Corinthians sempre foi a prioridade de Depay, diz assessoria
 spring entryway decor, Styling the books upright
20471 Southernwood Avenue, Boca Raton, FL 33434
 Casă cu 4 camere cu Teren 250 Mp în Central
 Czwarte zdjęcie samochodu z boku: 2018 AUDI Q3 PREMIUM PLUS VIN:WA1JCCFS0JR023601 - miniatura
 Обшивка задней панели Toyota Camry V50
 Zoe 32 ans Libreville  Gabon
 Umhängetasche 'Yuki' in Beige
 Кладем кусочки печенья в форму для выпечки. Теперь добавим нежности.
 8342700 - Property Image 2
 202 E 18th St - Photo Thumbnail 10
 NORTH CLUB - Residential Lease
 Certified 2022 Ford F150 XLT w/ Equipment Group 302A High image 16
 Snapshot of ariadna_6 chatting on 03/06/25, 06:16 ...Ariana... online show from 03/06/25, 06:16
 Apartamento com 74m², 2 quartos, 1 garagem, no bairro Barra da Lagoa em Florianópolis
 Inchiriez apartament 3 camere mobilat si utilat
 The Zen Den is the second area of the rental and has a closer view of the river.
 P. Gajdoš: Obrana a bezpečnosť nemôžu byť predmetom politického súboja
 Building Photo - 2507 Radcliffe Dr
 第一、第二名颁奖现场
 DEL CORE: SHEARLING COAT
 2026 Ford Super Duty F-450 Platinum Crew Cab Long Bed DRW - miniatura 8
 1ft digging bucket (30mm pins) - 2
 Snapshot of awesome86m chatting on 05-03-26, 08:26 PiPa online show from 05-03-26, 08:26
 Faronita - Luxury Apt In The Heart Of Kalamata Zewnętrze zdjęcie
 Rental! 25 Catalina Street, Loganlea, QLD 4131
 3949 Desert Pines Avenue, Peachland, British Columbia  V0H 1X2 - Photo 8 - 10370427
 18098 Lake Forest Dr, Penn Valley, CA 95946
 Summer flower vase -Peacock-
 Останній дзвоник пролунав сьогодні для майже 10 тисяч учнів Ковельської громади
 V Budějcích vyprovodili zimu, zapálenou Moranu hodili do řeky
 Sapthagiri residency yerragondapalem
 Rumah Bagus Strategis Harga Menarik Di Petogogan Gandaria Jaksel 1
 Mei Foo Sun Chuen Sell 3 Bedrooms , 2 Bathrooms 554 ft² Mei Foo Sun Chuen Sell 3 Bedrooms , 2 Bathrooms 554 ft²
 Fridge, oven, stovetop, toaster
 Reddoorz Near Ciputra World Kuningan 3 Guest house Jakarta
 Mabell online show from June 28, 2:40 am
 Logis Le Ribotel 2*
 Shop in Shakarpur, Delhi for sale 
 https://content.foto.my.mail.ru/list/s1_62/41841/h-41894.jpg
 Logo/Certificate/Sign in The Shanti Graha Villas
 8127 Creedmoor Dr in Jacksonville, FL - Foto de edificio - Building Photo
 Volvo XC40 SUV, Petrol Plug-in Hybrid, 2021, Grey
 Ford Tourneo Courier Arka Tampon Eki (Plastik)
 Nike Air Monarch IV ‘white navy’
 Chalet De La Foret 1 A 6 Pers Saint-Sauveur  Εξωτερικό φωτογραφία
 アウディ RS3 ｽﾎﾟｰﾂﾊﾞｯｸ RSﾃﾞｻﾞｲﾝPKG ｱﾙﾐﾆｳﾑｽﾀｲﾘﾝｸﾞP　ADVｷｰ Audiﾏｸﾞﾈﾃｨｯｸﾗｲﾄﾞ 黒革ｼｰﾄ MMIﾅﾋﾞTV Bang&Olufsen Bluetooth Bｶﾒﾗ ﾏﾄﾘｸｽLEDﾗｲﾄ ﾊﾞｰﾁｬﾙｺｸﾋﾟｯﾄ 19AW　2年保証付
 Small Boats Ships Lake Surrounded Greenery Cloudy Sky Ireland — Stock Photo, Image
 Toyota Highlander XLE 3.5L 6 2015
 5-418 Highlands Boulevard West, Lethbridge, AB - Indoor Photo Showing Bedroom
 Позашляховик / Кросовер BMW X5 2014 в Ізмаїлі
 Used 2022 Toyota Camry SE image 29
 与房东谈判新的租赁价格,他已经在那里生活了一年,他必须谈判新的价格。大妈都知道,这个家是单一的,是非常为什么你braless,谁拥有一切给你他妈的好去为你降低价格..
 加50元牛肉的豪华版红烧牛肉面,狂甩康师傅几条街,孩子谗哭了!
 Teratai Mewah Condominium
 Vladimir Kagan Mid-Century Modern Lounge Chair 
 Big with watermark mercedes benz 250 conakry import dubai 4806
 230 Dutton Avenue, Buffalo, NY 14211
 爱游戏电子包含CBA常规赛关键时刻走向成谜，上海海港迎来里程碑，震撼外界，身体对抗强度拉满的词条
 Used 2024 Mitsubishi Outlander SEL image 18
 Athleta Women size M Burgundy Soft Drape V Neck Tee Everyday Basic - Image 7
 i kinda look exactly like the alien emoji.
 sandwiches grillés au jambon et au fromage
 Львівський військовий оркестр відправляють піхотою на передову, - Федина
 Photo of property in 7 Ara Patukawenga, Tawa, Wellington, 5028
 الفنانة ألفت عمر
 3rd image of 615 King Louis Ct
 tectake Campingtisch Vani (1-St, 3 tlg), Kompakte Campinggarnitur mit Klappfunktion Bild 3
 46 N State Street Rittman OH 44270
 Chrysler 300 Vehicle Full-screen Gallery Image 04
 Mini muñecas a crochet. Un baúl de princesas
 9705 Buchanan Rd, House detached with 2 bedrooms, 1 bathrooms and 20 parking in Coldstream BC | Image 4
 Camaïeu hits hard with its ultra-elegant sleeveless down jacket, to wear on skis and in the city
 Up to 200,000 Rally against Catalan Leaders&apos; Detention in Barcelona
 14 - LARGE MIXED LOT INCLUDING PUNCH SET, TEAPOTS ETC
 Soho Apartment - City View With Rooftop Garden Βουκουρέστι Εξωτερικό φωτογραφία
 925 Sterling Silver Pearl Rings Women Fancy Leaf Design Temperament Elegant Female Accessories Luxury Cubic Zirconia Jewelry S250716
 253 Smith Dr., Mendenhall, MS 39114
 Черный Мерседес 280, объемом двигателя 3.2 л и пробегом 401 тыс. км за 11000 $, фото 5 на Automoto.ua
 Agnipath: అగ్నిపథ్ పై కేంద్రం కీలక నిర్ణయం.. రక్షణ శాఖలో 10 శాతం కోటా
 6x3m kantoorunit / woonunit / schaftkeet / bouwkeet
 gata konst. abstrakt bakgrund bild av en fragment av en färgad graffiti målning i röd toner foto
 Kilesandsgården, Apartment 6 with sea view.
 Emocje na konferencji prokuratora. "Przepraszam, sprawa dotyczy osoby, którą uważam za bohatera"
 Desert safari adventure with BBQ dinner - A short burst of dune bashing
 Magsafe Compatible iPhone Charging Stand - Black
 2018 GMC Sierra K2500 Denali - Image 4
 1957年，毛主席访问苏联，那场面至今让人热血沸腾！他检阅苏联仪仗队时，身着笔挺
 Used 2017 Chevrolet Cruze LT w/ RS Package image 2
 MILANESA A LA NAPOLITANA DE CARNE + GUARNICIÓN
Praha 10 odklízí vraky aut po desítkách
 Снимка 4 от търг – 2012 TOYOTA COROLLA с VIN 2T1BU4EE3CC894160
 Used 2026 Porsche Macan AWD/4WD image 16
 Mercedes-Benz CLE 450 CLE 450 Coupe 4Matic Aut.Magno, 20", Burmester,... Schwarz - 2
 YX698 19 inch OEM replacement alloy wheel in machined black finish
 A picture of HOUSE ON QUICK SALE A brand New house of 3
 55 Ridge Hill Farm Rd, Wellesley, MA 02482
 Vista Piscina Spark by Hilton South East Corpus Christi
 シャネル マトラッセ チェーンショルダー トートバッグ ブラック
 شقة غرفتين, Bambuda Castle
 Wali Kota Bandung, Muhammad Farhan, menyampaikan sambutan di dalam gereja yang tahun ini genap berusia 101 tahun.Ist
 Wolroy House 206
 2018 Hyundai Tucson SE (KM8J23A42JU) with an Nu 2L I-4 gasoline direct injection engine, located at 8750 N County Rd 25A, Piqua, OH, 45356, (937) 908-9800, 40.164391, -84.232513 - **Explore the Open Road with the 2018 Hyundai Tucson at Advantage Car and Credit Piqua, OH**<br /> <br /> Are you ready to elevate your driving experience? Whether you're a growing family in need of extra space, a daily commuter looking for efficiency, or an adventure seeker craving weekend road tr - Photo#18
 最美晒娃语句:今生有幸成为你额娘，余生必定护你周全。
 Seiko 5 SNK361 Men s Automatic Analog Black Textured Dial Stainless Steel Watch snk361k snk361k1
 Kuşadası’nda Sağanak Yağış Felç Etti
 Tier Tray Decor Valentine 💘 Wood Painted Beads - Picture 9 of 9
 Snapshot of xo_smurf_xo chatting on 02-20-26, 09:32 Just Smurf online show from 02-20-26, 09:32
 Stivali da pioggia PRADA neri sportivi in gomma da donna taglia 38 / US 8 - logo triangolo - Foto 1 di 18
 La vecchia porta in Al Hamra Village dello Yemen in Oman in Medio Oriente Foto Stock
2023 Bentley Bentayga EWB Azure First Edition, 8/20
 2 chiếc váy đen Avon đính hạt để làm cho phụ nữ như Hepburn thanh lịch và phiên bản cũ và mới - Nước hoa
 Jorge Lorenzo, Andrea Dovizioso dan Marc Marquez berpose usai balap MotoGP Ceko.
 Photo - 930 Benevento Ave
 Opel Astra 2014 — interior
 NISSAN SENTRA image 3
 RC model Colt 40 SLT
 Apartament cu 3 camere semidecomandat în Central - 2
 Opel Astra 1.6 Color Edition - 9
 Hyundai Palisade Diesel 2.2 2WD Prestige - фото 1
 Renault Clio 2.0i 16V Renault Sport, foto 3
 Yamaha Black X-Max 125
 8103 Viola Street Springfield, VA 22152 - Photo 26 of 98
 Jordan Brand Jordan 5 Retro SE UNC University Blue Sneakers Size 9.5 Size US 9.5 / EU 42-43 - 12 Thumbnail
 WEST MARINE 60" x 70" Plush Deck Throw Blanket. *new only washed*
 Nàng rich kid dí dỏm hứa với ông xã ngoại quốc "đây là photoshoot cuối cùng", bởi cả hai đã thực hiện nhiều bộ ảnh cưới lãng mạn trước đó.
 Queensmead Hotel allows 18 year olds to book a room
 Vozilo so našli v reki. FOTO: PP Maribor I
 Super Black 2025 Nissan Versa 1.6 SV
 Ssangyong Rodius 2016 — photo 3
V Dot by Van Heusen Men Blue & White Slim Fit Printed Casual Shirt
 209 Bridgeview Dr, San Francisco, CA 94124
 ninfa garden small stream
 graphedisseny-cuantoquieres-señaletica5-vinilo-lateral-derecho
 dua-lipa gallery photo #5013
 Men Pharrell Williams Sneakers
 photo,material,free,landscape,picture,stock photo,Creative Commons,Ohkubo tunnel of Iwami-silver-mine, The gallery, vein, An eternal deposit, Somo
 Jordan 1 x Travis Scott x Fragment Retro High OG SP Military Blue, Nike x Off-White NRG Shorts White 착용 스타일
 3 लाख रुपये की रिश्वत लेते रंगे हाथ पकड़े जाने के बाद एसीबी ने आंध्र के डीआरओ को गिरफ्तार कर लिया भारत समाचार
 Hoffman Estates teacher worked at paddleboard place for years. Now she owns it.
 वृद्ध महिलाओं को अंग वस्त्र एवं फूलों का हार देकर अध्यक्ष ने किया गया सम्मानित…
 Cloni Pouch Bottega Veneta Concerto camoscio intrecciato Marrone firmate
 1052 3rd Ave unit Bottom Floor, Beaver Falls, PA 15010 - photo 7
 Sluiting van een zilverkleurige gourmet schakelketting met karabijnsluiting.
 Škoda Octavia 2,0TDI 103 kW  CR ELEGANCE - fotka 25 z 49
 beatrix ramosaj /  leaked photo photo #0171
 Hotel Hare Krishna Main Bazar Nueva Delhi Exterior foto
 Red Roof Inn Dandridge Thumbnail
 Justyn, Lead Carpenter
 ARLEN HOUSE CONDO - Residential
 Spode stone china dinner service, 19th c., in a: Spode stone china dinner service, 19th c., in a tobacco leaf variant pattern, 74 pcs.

○ ○ ○ ○

### What you need to do
The answer should consist only of the lines from the one with "1052 3rd Ave" to the final line of the records above, retyped word for word.

### Problem solution
 1052 3rd Ave unit Bottom Floor, Beaver Falls, PA 15010 - photo 7
 Sluiting van een zilverkleurige gourmet schakelketting met karabijnsluiting.
 Škoda Octavia 2,0TDI 103 kW  CR ELEGANCE - fotka 25 z 49
 beatrix ramosaj /  leaked photo photo #0171
 Hotel Hare Krishna Main Bazar Nueva Delhi Exterior foto
 Red Roof Inn Dandridge Thumbnail
 Justyn, Lead Carpenter
 ARLEN HOUSE CONDO - Residential
 Spode stone china dinner service, 19th c., in a: Spode stone china dinner service, 19th c., in a tobacco leaf variant pattern, 74 pcs.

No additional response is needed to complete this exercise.